The repository, called RuView, claims to leverage WiFi signal interference patterns to create visual representations of objects behind walls. The demo videos look impressive. The technical explanation sounds plausible. The code is garbage.
What WiFi Sensing Can Actually Do
To be clear: WiFi sensing is real technology. Researchers have demonstrated that by analyzing how WiFi signals bounce off objects, you can detect motion, identify activities, and even estimate body posture. The physics is sound—WiFi signals do interact with physical objects, and those interactions create measurable patterns.
But there's a massive gulf between detecting motion through walls and creating visual images. Legitimate WiFi sensing research uses sophisticated signal processing, machine learning models trained on thousands of examples, and expensive antenna arrays. The results are impressive but limited: you can tell that someone is moving in the next room, maybe identify whether they're walking or sitting, but you're not getting anything close to a visual image.
RuView claims to do all of this with consumer hardware and a few hundred lines of code. That's the first red flag.

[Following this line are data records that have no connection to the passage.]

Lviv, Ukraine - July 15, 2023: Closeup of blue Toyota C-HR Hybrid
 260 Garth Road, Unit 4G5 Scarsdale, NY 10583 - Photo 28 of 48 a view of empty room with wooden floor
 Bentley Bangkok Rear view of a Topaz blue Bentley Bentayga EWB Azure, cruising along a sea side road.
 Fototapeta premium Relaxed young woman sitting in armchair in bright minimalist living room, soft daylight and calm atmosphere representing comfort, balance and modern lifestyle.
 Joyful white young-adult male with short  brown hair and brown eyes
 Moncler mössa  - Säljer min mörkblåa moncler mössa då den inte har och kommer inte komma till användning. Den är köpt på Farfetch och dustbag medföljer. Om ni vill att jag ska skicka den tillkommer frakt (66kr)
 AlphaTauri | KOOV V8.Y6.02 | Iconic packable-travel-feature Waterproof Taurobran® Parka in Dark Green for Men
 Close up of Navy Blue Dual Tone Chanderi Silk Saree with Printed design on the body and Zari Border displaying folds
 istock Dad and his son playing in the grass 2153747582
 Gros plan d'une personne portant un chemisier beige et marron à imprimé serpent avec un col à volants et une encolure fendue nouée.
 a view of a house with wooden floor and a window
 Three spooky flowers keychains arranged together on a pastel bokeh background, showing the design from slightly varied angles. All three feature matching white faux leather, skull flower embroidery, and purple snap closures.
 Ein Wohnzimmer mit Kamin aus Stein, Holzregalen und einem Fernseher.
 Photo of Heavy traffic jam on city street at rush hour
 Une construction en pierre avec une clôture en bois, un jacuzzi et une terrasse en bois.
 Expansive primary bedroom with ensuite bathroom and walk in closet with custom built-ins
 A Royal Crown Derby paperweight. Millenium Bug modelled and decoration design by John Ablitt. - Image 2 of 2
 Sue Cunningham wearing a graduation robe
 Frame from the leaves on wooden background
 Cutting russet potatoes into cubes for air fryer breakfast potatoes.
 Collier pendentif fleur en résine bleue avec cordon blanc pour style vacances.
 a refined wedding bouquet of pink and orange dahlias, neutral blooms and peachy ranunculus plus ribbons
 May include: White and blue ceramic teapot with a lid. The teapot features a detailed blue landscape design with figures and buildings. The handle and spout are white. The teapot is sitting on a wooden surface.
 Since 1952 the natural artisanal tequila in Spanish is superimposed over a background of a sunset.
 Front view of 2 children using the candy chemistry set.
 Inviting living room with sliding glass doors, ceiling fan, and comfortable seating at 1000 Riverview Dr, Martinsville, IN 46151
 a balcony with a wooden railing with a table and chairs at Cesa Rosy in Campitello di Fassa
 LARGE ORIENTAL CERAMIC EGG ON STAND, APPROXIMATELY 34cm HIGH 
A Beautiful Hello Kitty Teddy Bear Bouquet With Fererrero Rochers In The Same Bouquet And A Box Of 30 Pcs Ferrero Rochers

What Engineers Found (Or Didn't Find)
Several developers dug into the RuView codebase and found exactly what you'd expect from vaporware: a lot of impressive-sounding function names, almost no actual implementation, and demo videos that were clearly created with completely different technology.
The signal processing code that should be the core of the system? Missing. The machine learning models that would be needed to interpret WiFi interference patterns? Not there. The actual algorithms that would turn signal data into visual representations? Nonexistent.
What the code does include: some basic WiFi scanning functionality that you could pull from a dozen existing libraries, placeholder functions that return random data, and a UI that displays pre-rendered videos disguised as real-time output.
In other words, it's a fake. A well-marketed fake, but a fake nonetheless.